We started to hunt for somebody very rich who had the same disease as Dido, and to try to get that person to pay the outstanding amount in return for the same Dido-style deal – the promise of a place on the trial. We found our candidate quickly, Vince Hamilton, an oilman from Arizona. He read about our campaign while sitting in a café in Geneva, and rang up Uppsala the same afternoon.

It turns out that it is perfectly legal for a rich person effectively to “buy” a place on a trial in return for funding it. Ethically, there’s nothing wrong with the idea either. No one had tried it (or at least admitted as much) before we stumbled on the suggestions in our desperation to get a new drug quickly for Dido; yet it works stunningly well.

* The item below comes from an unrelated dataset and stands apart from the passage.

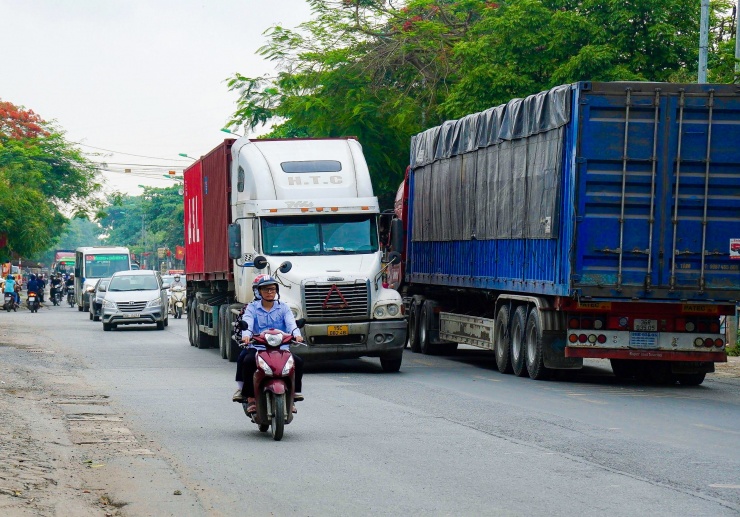 Tại đoạn đường quốc lộ 6 đi qua phường Yên Nghĩa, quận Hà Đông chỉ có 2 làn đường, mật độ phương tiện giao thông cao nhưng lòng đường chật hẹp khiến khu vực này tiềm ẩn nhiều nguy cơ xảy ra tai nạn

I call it the Plutocratic Proposal. The central premise is beautifully simple: any patient who rescues a potential therapeutic agent from neglect by funding early stage clinical should be offered a place on the trial. Such human trials typically involve between 10 and 30 people. The rich patient is therefore paying the equivalent of a little over three nights at the Penthouse Suite in the Hotel President Wilson, Geneva (admittedly, the most expensive hotel in the world) for all these other, poorer patients to test the new drug too – people who would otherwise have no chance of taking part in the tests.

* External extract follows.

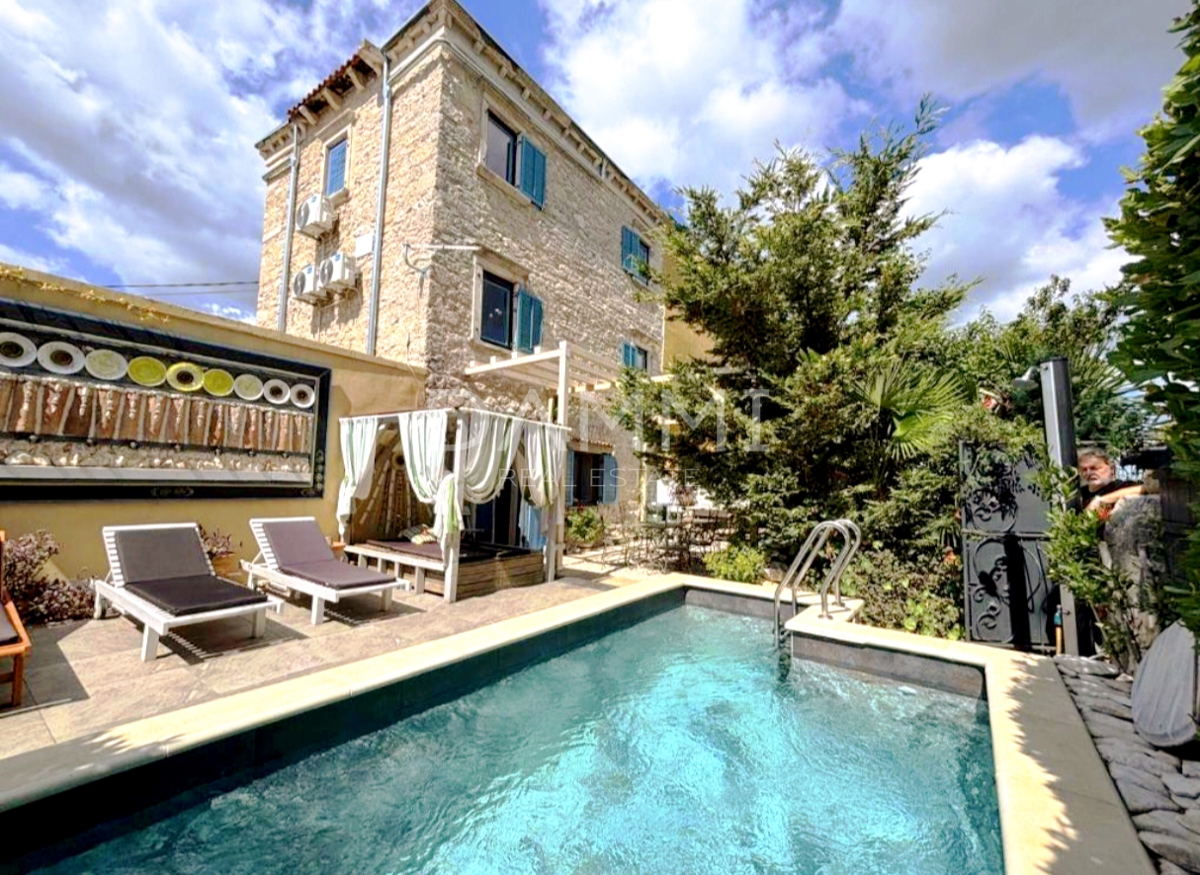 Istra, Krnica - affascinante casa in pietra con piscina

It’s a way to get the many paid for by the privileged few; it uses private capital to supplement overstretched public funds. It is a perfect synergy between free-market choice and social enterprise.

Traditional funding for medical research tends to be either profit-driven (eg. venture capitalism) or altruistic (charities and governments). The Plutocratic Proposal offers a new route, which we called “committed philanthropy”. At a time when more and more cuts are being made to medical research, the Plutocratic Proposal is an idea that desperately needs to be investigated and debated.

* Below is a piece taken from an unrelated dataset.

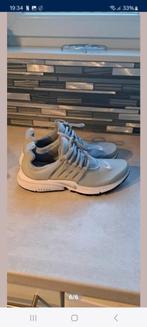 Nike basket, Sport en Fitness, Ophalen, Zo goed als nieuw, Schoenen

The Journal of Medical Ethics – the world’s number one journal in its field – agrees. It has made our Plutocratic Proposal the lead subject of its latest issue.

There are still details to sort out. We need to build a database of neglected potential medications – several sources of such information already exist, but they are limited and as underfunded as the drugs themselves. The process of the Plutocratic Proposal will also have to be overseen by an independent body that will ensure the quality of the drugs being tested and that the contract between the researchers and the donor is both honourable and honoured. But it’s easy to imagine how that can be done.

It is also easy to see that, once started, the new funding mechanism can be self-financing by charging the plutocratic patient a few extra per cent in running costs. “Do you want to make money from this?” asked a wary medical trials lawyer I consulted. “No,” I replied. “I’m no businessman. I can barely manage my own taxes. Besides, to ensure it is a trustworthy process it must be not-for-profit.” He nodded slowly. “You could become very rich, if you wanted to try,” he goaded.

I don’t want to try. But I do want the Plutocratic Proposal to be given a chance to live, just as the Uppsala drug has been given a chance to prove itself.

The difficulty is to get a new idea moving in a hidebound field. That’s why the publication of our lead paper was so important: it launched a wild amateur dream of a couple of journalists trying to raise money for a friend, into the world of serious medical consideration.

What we need now are entrepreneurs and risk-takers to fund the transition of this idea into reality. If anyone has a spare Patek Phillipe 1591 they’d like to cash in on the off chance that it might begin the rescue of hundreds of discarded potential treatments for the world’s terrible diseases, let us know.

The Uppsala drug is in clinical trials now. We are not allowed to say how well it is doing. The most we can divulge is that the results in humans are “promising”. But it comes too late for Dido and Vince. They both died before the potential new treatment could begin these human tests. We hope the new funding mechanism will come in time for thousands of others.